Competition Advocacy

In addition to its law enforcement role, the Antitrust Division regularly seeks to promote competition through broader advocacy efforts. Competition advocacy includes providing advice and analysis concerning a variety of matters, such as legislation and regulation at both the federal and state levels, Supreme Court cases, and international efforts. The Division believes that robust competition advocacy is an important part of our mission to protect competition.
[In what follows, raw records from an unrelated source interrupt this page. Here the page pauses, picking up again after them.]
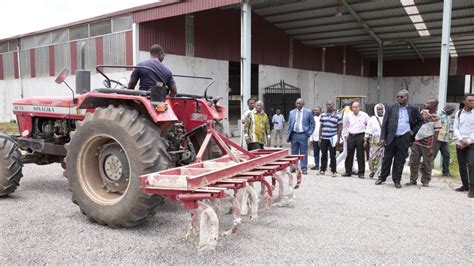 Nouvelle Usine De Tracteurs Au Cameroun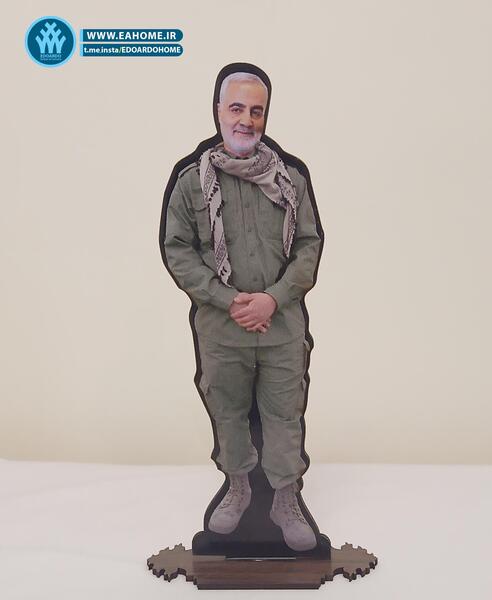 عکس ایستاده شهید سلیمانی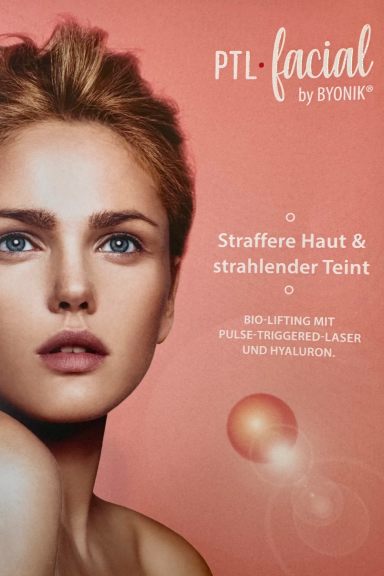 Frau mit glatter Haut und natürlichem Teint, bewirbt PTL-Facial von Environ.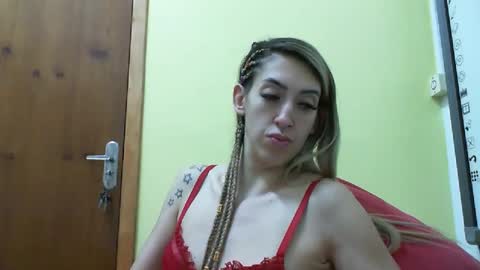 Monique online show from 01/06/25, 09:43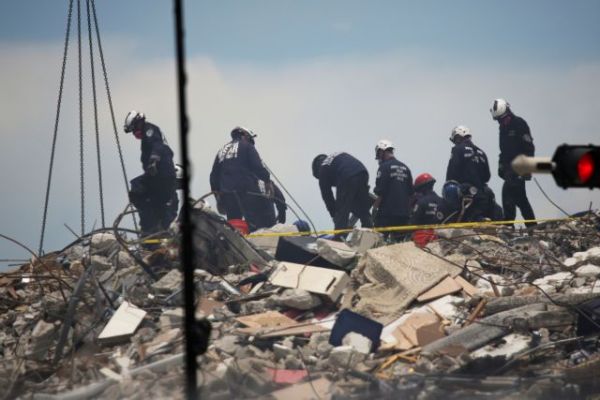 Φλόριντα: Πέντε νεκροί, 156 αγνοούμενοι από την κατάρρευση κτιρίου – Τι είχε εντοπίσει έκθεση μηχανικού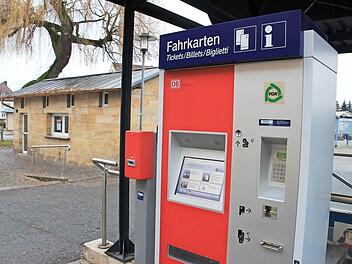 Karten gibt es momentan nur am Automaten, der Kiosk im Hintergrund steht leer.  Fotos: Tobias Kindermann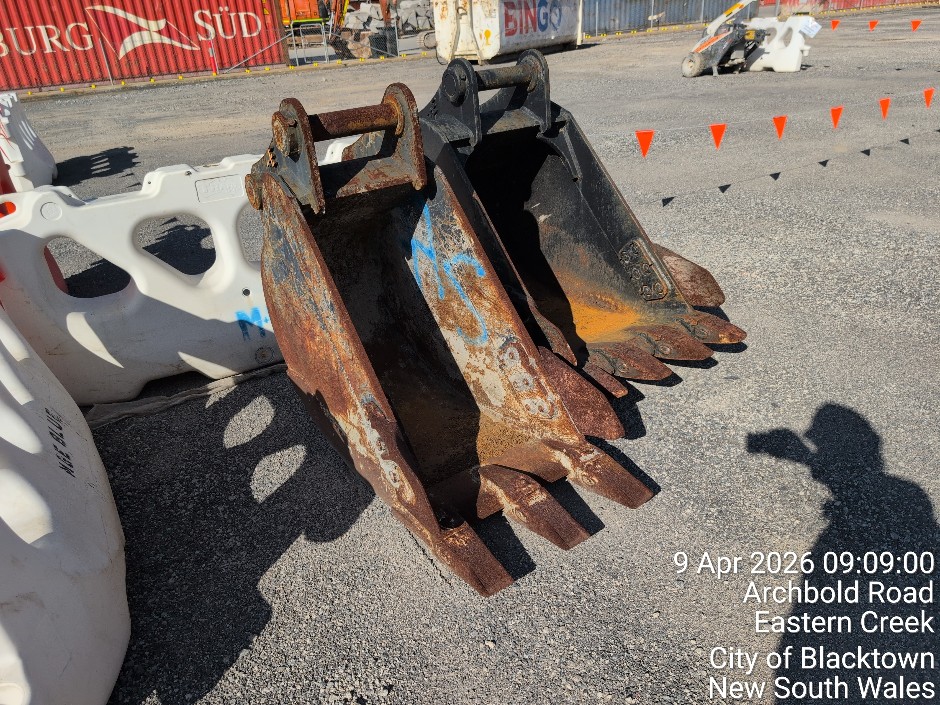 <p>EXCAVATOR BUCKET (Site ID: 95.11)</p>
For example, the Division's competition advocacy efforts have helped small business in the real estate brokerage industry, where the Division has provided states with guidance on how rules regulating realtors have made it difficult or impossible for some innovative new business models to enter the market.
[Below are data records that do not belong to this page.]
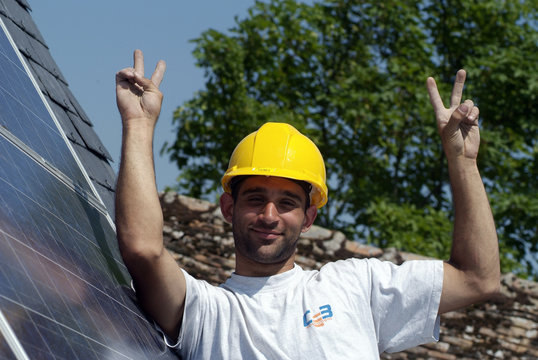 poseur panneaux photovoltaique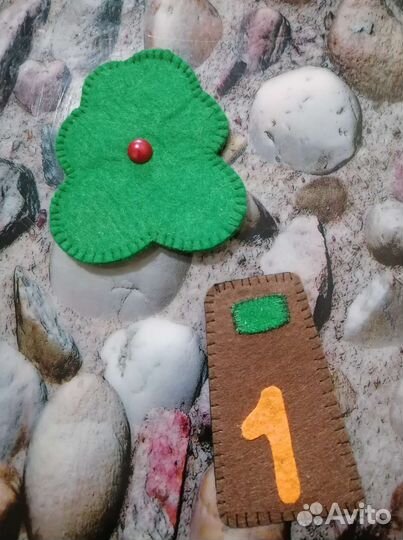 Развивающие игрушки из фетра, поделки в сад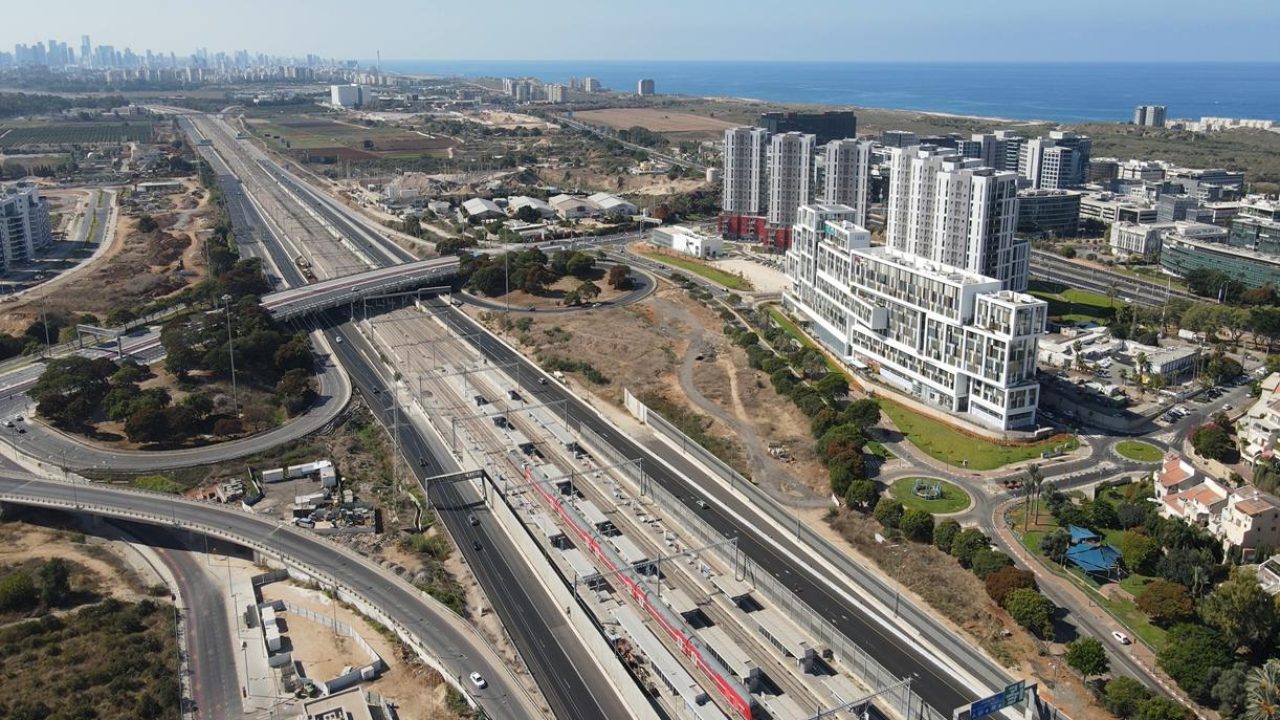 Herzliya_railway_station_1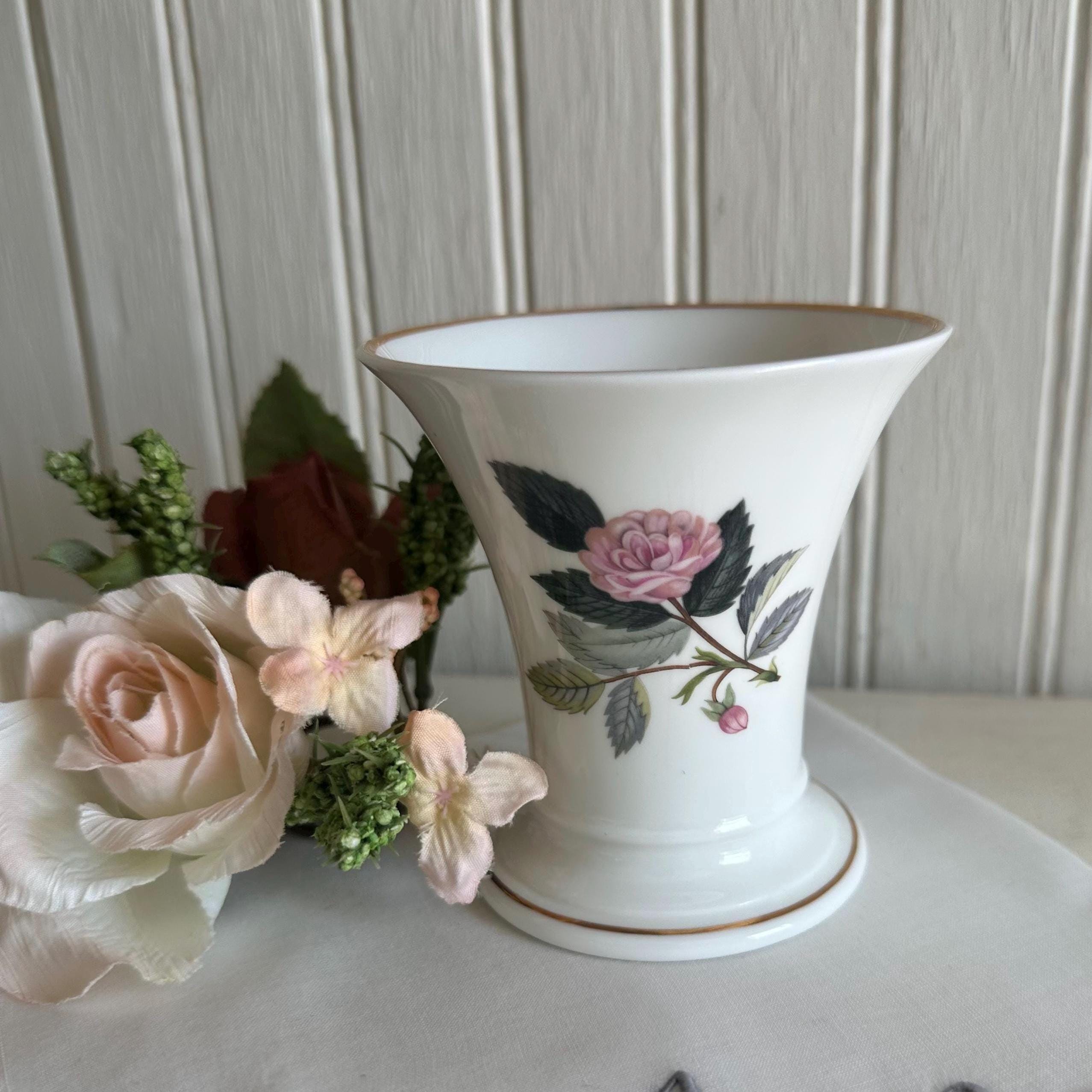 Hathaway Rose Vase - Etsy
The Division also has provided assistance to bar organizations and states to ensure that the definition of the practice of law does not restrain competition between lawyers and non-lawyers for many services where specialized legal knowledge and training is not demonstrably necessary to protect the interests of consumers. Most notably, in many states both lawyers and non-lawyers compete to provide real estate closing services to consumers.

Small businesses also rely on telecommunications services in order to conduct their business and serve their customers. The Division watches the telecommunications industry closely for appropriate competitive advocacy opportunities, and last year provided guidance on how states could make it easier for new competitors to enter markets for video services.

In all of the Division's activities—enforcement against cartels, mergers, and monopolization that can harm competition, and competition advocacy to promote the interests of American consumers—the Division frequently is in contact with small businesses. In our merger investigations, we usually interview customers to see what the real-world effect of the merger will be in the market, and the information we receive from small businesses is often crucial to our review. Whether it is conducting interviews to determine the effects of a proposed merger, or receiving information about potentially anticompetitive practices in an industry, complaints from small businesses continue to be among the best sources of information for our enforcement. We take such information very seriously and vigorously pursue any that indicate a violation of the antitrust laws.

Conclusion

If firms are allowed to misuse market power to eliminate competition, or if groups of firms are allowed to collude to prevent competition by fixing prices or allocating customers, or if anticompetitive mergers increase prices, reduce output or stifle innovation, our economy will suffer. And because the success of virtually any small business depends greatly on the general condition and health of the economy, unchecked anticompetitive behavior that hurts the economy also hurts small business. Thus, although it is important to understand the consumer benefits of antitrust policy, it is also important to note that the central role of antitrust in maintaining a competitive marketplace also benefits small businesses.

Perhaps more than any other society on earth, the United States is dependent on the willingness of its people to take risks in pursuit of success. The antitrust laws help to sustain our nation's entrepreneurial spirit and to preserve the freedom to innovate by ensuring that markets are open, that new entrants can compete, and if they build a better mouse trap, that they have the chance to succeed. The importance of this role can't be overstated: in keeping markets contestable, the antitrust laws enrich our social fabric as well as our nation's economy.

Thank you for this opportunity to share my thoughts with the Committee on the importance of competition and antitrust enforcement to keeping markets open to small business.